All dies erzeugte beim Dow Jones eine Blase - mit mindestens jenen 1000 Punkten Überbewertung, die sich schon mit dem (sehr aktienfreundlichen) Fed-Modell errechnen.
2. DER S&P-500
Der S&P-500 ist nach dem Fed-Modell noch unterbewertet. Er hat ein KGV von 18,55, so dass er nach Fed-Modell noch 16,4 % zulegen könnte (21,6/18,55).
Das Fed-Modell ist aber - wie gesagt - ein Blasen-Modell. Angemessener ist, das durchschnittliche historische KGV zugrunde zu legen. Im Schnitt der letzten 100 Jahre lag das KGV des S&P-500 bei 14. Da der SP-500 zurzeit ein KGV von 18,55 hat, ergibt sich eine Überbewertung um 18,55/14 = 32 Prozent.
Demnach liegt der faire Wert für den SP-500 nicht bei den jetzigen 1385, sondern bei 1045.
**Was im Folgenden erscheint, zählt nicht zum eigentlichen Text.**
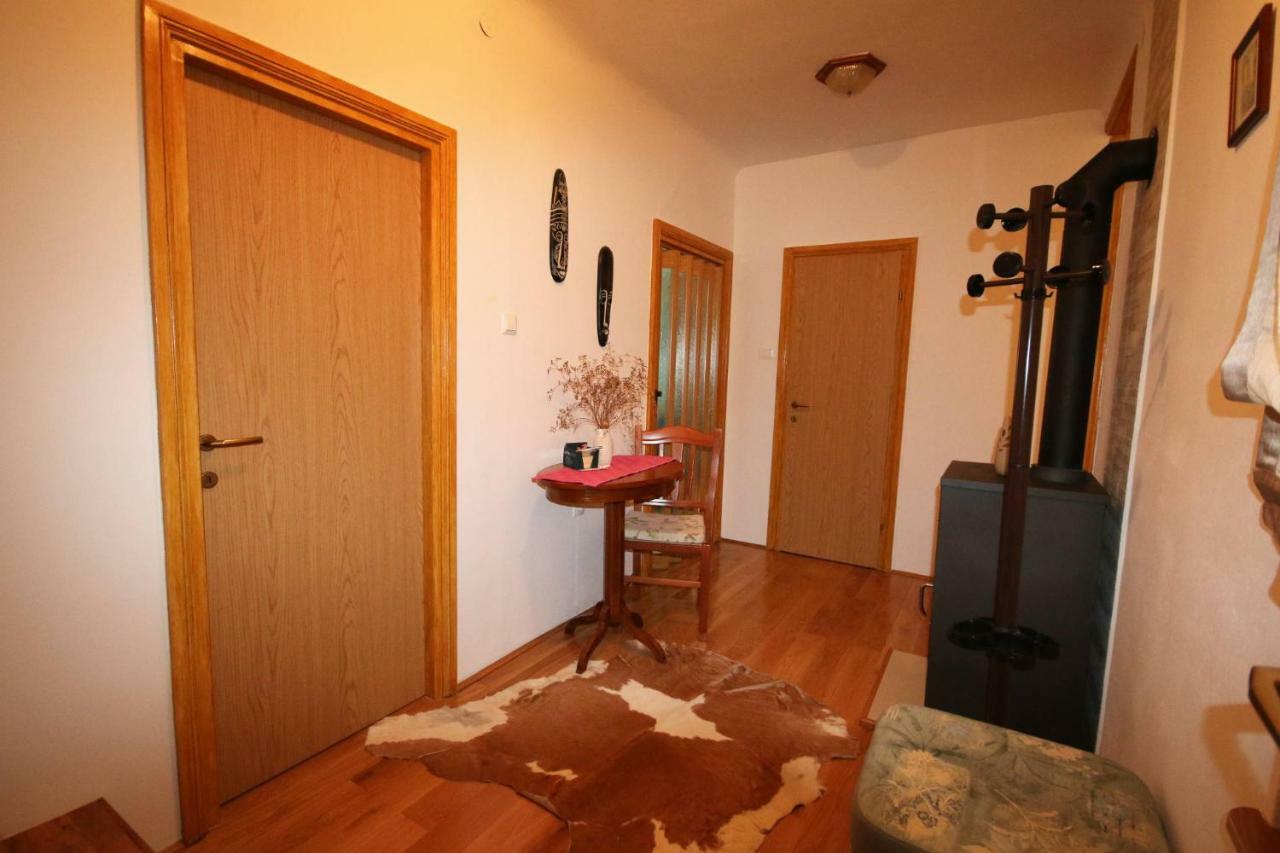 Apartment Lorna & Igor Zuvic Omišalj Eksteriør billede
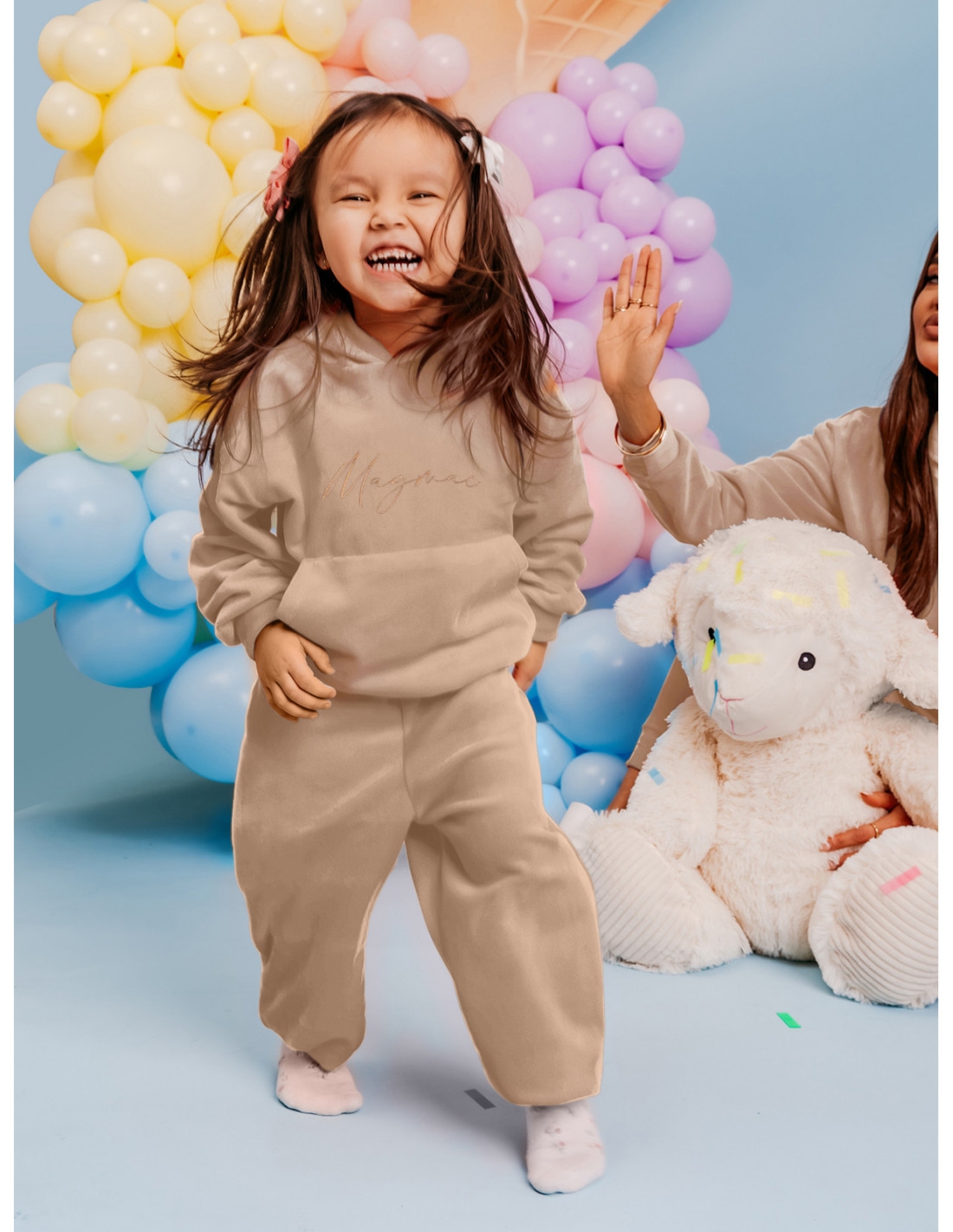 Welurowy dres dziecięcy GIZMO - beżowy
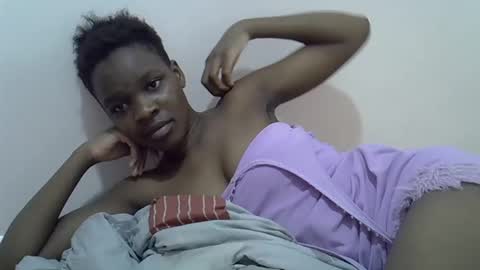 Snapshot of cute_marion chatting on February 12, 8:18 pm cute_marion online show from February 12, 8:18 pm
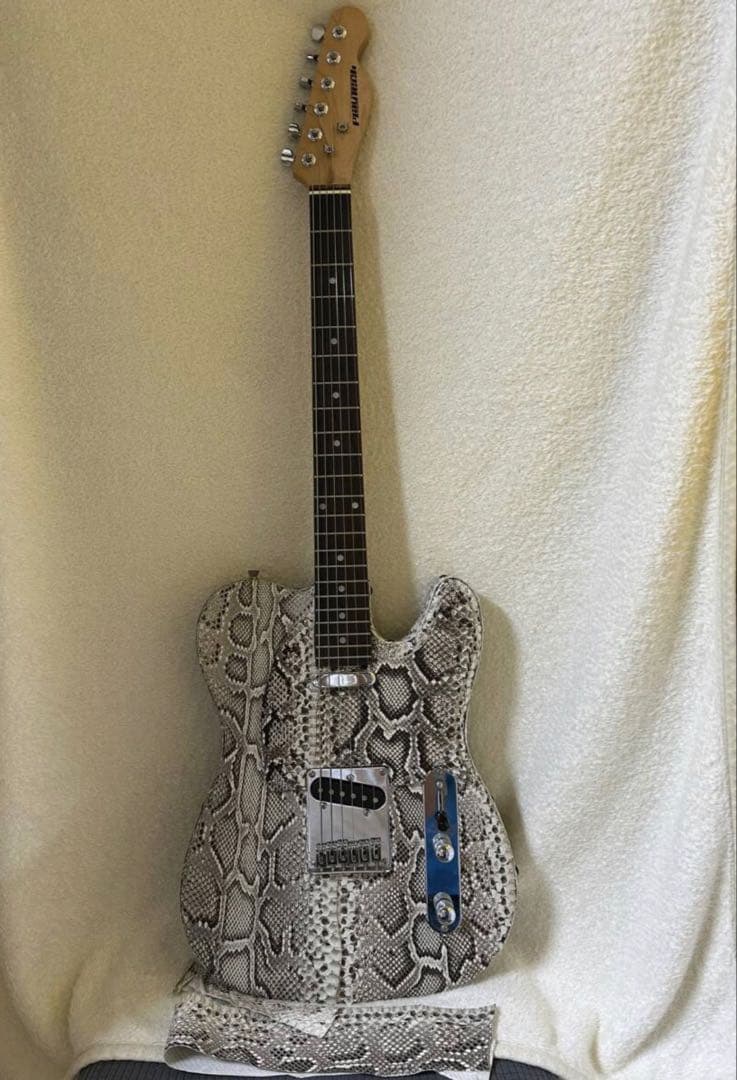 エレキギター テレキャスタータイプ　本物パイソン（ヘビ革）貼り込み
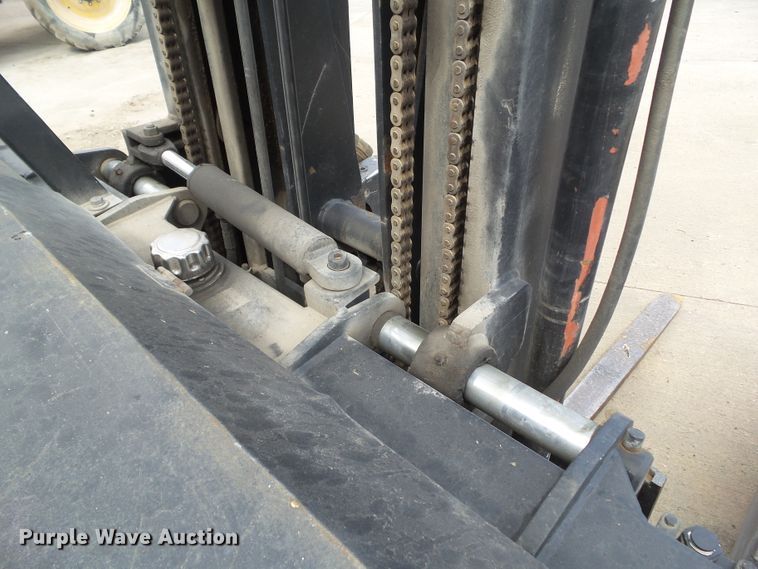 image for item EM9208 1997 Tail Gator 500HWD piggyback forklift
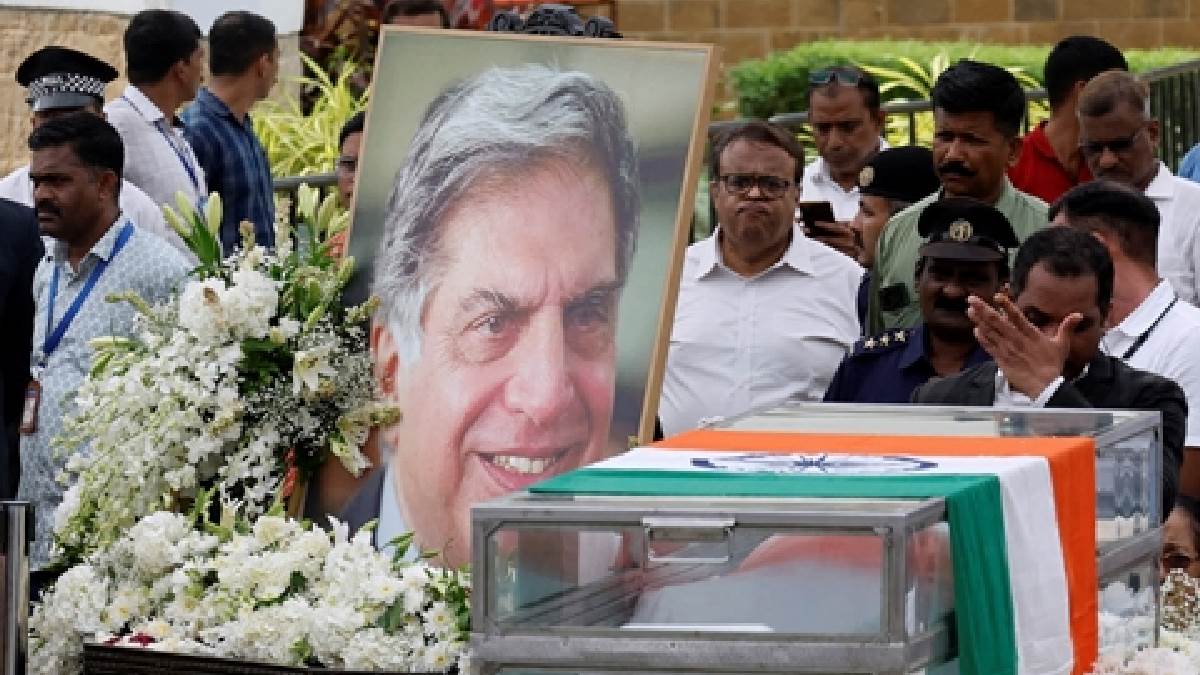 https://www.jagranimages.com/images/newimg/10102024/10_10_2024-ratan_tata_antim_sanskar_2_23813267_183239328.jpg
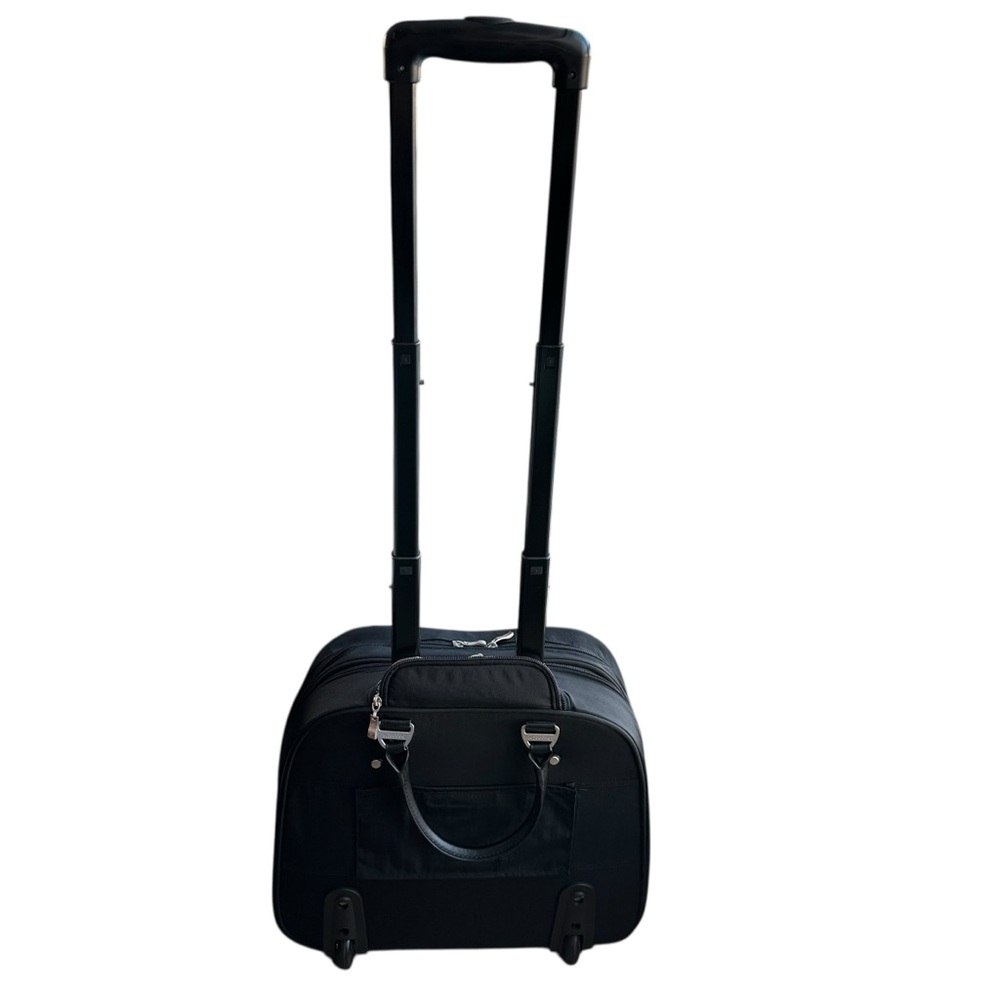NWOT Baggallini Roller Bag Luggage Carry On Black - Picture 11 of 11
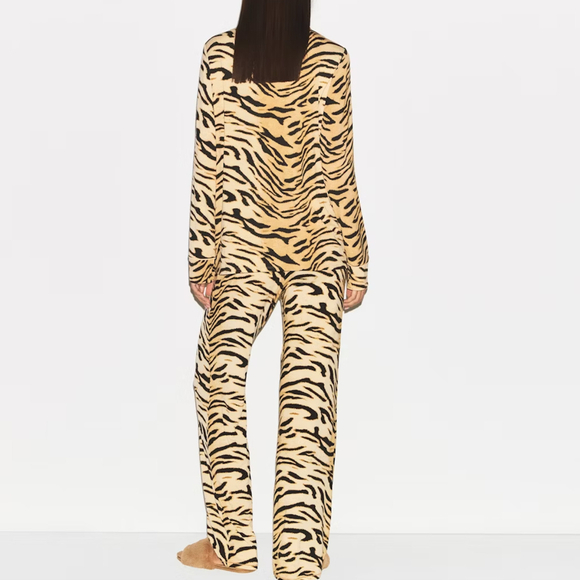 SKIMS SLEEP LONG SLEEVE BUTTON UP SET - Picture 6 of 10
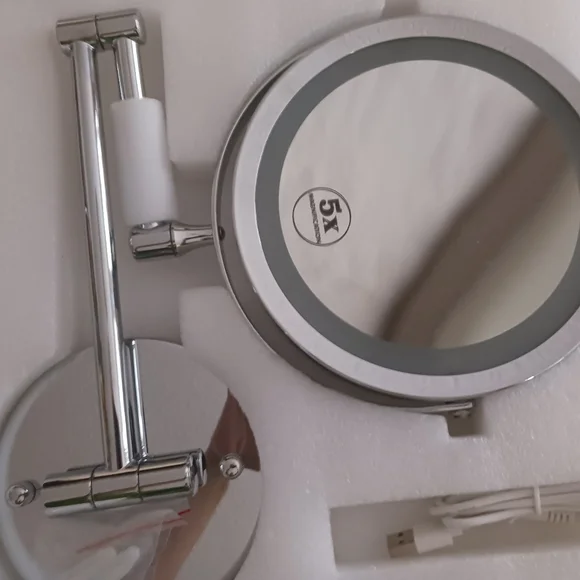 Mirror - Picture 3 of 5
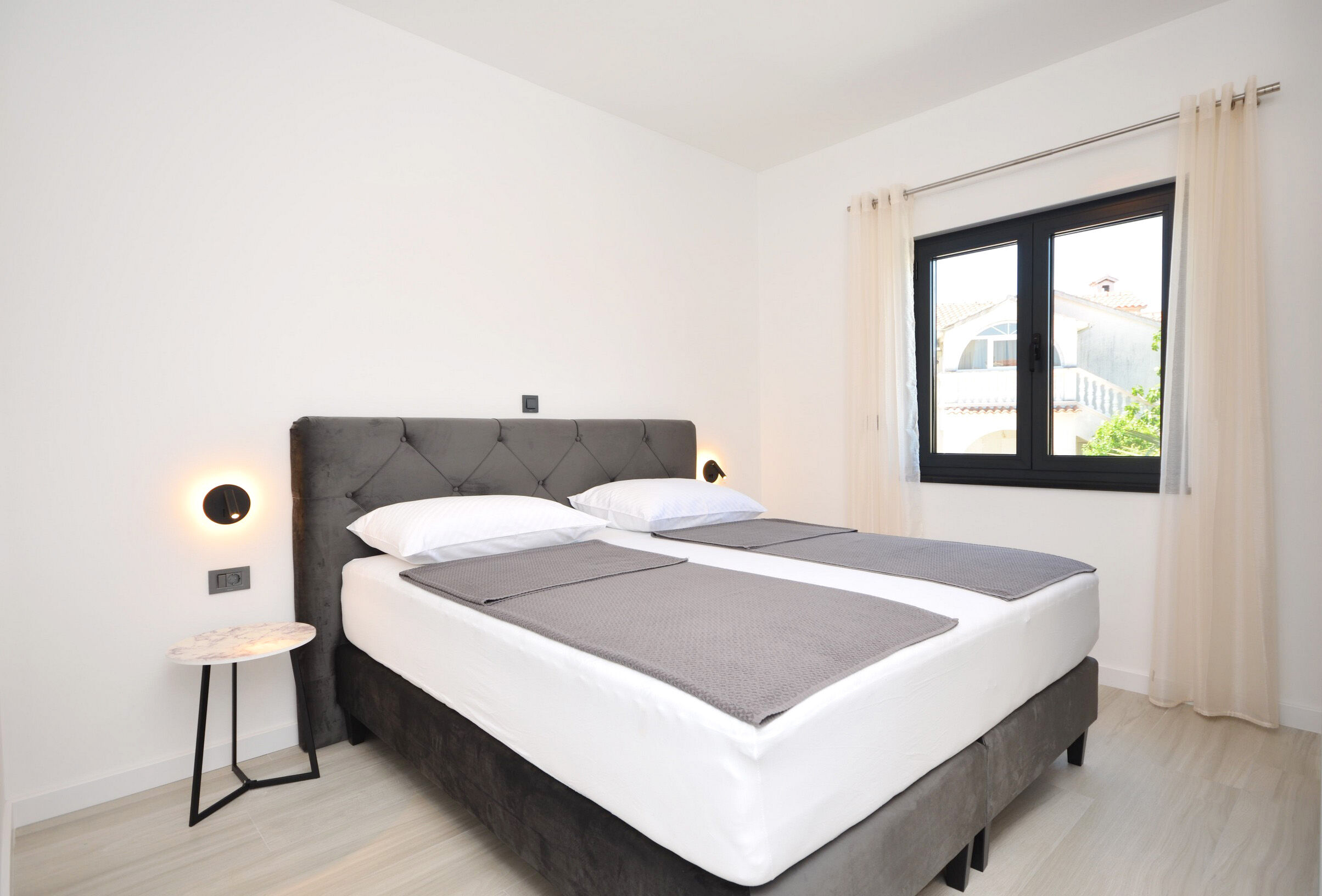 Apartments Villa Casia 33802-A1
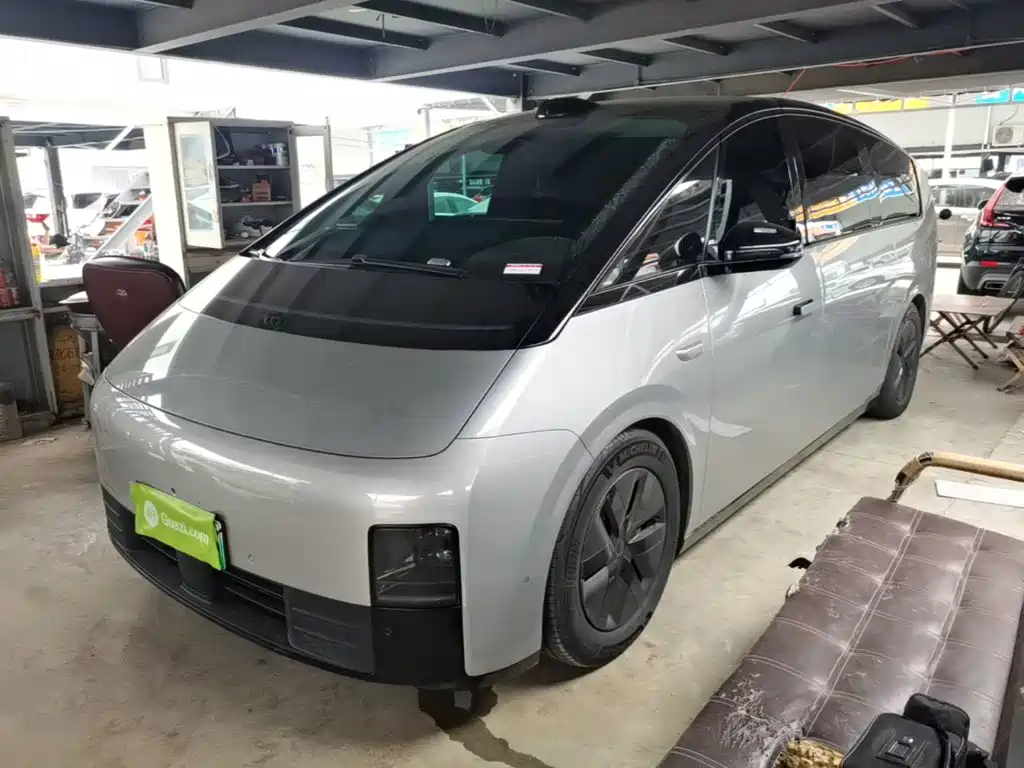 Li Auto MEGA 2024 Ultra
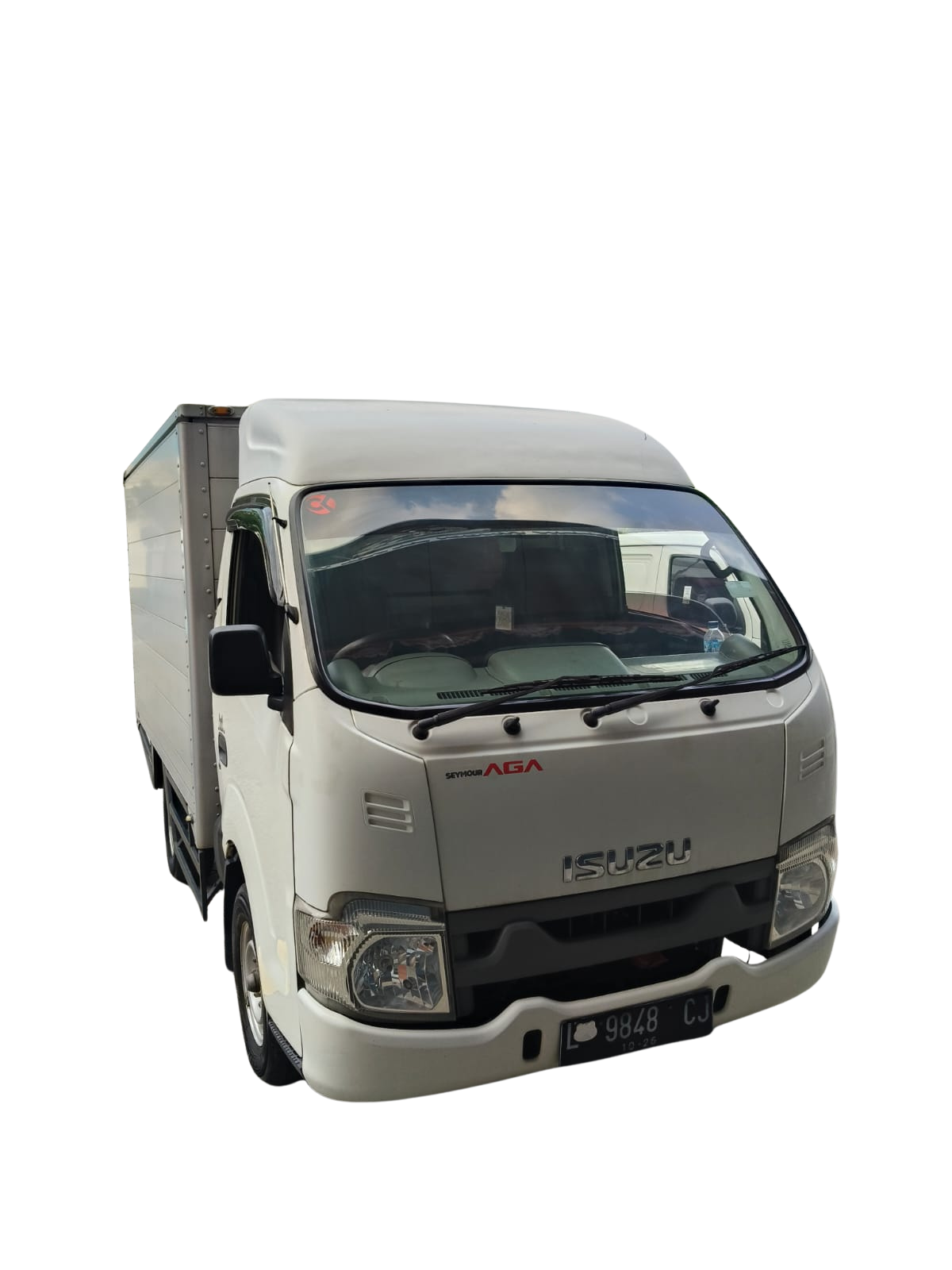 1 (satu) unit Mobil box Isuzu Traga PHR 64 C AB nomor polisi L 9848 CJ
Ich gebe allerdings zu, dass solche Bewertungsfragen in Euphoriephasen wie jetzt kaum beachtet werden und daher den gegenwärtigen Höhenflug kaum ausbremsen dürften. Wie schräg die Lage werden kann, zeigte ja die Dot-com-Blase im Jahr 2000. Für Rückschläge bedarf es fundamentaler Anstöße. Diese wurden letzte Woche bereits geliefert (sinkendes Wirtschaftswachstum, steigende Inflation), was die Kurse ja sechs Tage in Folge sinken ließ. Anfang dieser Woche sorgte die grassierende "Fusionitis" jedoch für neuen Schaum vor dem Bullenmund. Zu Unrecht, meine ich, denn Fusionen bringen meist langfristig nicht viel. Man blicke nur auf Daimler-Chrysler oder die BMW-Experimente mit Rover (bereits rückabgewickelt, droht bei DCX auch).
CHARTTECHNIK
Charttechnisch könnten wir jetzt bei den US-Indizes ein kurzfristiges Doppeltop sehen. Genauso wie endlose Abstürze in Bärenmärkten meist mit einem kleinen "W" im Chart enden, dessen zweite Flanke etwas tiefer ausfällt als die erste, gibt es am Doppeltop typischerweise ein "M", dessen zweite Flanke etwas höher steigt als die erste.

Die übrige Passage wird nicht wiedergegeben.